-- Provided data follows --

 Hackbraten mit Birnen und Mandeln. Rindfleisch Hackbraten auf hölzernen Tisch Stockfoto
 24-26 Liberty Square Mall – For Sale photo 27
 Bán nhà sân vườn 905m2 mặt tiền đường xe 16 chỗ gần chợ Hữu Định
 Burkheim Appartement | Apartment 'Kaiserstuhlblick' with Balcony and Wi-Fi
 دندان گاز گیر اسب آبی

-- Provided data concluded --
-- Provided data follows --

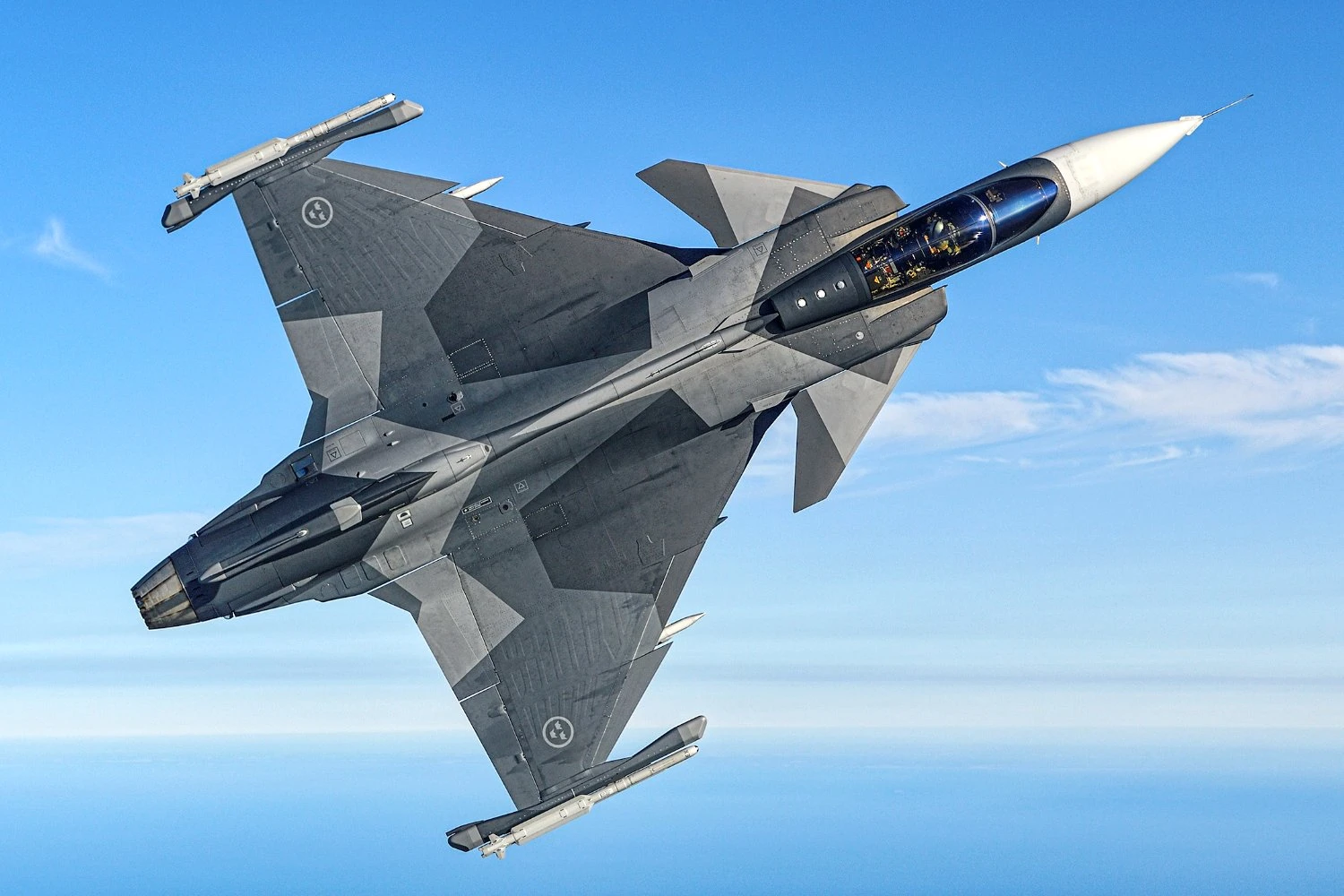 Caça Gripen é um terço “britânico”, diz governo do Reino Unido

-- Provided data concluded --

§ **Work to be completed**: Take the lines above from the one containing "Burkheim Appartement |" down to the one containing "دندان گاز گیر اسب آبی", and transcribe them exactly, both ends included.

§ **Exercise result**:
 Burkheim Appartement | Apartment 'Kaiserstuhlblick' with Balcony and Wi-Fi
 دندان گاز گیر اسب آبی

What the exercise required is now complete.